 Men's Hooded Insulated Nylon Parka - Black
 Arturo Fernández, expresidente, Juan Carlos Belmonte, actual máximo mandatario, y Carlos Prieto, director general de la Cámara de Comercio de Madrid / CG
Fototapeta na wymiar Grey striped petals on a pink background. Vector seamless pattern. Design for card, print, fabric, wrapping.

* * *

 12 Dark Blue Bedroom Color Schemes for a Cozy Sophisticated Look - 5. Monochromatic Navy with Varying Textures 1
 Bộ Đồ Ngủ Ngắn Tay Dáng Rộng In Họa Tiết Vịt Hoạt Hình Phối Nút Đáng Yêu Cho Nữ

Exercise:
The lines above, starting at the one with "12 Dark Blue" and ending at the one with "Bộ Đồ Ngủ Ngắn", are the only ones to return, exactly as written.

Task output:
 12 Dark Blue Bedroom Color Schemes for a Cozy Sophisticated Look - 5. Monochromatic Navy with Varying Textures 1
 Bộ Đồ Ngủ Ngắn Tay Dáng Rộng In Họa Tiết Vịt Hoạt Hình Phối Nút Đáng Yêu Cho Nữ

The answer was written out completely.